# Okay, too cool not to share (Etsy shop)



## sunflwrgrl7 (Mar 28, 2008)

http://www.etsy.com/shop.php?user_id=5532092

Looks like CP, look under sold items, cuz it seems like they are almost sold out of their stuff.  That is really awesome looking stuff.


----------



## Tabitha (Mar 28, 2008)

WOW! Love the sakuras.


----------



## sunflwrgrl7 (Mar 28, 2008)

I wanna be a fly on the wall and see how they make such awesome soaps!


----------



## Guest (Mar 28, 2008)

i know who she is.. a member of that other forum.. she does make great soap..had a tutorial on how to swirl like that


----------



## Guest (Apr 28, 2008)

Mary has just recently opened that Etsy store.
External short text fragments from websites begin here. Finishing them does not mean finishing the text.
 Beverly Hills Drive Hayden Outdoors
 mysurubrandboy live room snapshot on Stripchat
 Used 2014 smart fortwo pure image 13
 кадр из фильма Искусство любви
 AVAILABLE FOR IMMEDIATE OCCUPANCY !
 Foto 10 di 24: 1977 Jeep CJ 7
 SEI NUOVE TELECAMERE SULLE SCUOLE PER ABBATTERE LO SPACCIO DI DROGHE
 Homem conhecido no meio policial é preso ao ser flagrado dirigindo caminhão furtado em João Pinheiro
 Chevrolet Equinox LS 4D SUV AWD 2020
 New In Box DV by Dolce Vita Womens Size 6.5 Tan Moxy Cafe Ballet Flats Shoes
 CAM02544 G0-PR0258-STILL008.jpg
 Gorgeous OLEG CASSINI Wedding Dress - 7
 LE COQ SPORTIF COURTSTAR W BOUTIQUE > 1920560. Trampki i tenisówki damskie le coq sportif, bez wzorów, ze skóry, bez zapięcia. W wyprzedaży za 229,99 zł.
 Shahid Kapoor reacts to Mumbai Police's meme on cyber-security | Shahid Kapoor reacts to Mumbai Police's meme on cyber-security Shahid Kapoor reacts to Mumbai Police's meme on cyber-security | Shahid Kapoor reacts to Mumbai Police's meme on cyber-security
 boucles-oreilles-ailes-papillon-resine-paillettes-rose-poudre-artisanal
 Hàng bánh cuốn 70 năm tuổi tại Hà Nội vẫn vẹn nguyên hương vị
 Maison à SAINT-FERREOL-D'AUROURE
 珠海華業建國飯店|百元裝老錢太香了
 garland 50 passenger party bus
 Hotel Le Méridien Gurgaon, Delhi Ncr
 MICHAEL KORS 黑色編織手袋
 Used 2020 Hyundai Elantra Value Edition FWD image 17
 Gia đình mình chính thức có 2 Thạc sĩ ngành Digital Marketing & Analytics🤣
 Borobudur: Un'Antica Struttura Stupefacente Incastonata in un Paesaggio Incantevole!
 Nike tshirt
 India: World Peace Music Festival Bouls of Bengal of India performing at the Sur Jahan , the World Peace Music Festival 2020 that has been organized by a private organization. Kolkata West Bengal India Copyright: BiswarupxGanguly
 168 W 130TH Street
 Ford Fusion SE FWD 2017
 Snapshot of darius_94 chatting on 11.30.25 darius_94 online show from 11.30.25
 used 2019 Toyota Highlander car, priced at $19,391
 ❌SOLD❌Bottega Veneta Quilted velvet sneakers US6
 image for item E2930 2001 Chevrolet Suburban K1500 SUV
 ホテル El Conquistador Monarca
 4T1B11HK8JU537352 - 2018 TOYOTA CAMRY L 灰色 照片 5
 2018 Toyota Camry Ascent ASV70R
I did a review of her soap on my blog and at the time, she didn't have a storefront yet. She put it up shortly after. It's been like 3 weeks tops. She is going to do extremely well.


----------



## Guest (Apr 28, 2008)

Yes it is CP soap, she does a wonderful job huh Marr.. did you see her Art one ...with the outlining in black....awesome!


----------



## divaknitting (Jul 9, 2008)

smellitlikeitis said:
			
		

> i know who she is.. a member of that other forum.. she does make great soap..had a tutorial on how to swirl like that



May I ask what other forum?  I'd love to see the tutorial.


----------



## PixieWick (Jul 11, 2008)

that is some fantastic work


----------



## Woodi (Jul 11, 2008)

Lovely!

I didn't see the tutorial, but my guess is that she pours two or three colors, one atop the other, and then carefully stirs with a chopstick or something?


----------



## perfectsoap (Jul 23, 2008)

Get the [email protected]#k out of here! 
Lmao how in the cough "heck" does she do that???
That is like  :shock: unreal!!!
I feel so little...
I would pay good money to know the ins and outs of that, ok any money is good, but you know what I mean!
So.... I still can't believe how incredible that soap is... lol


----------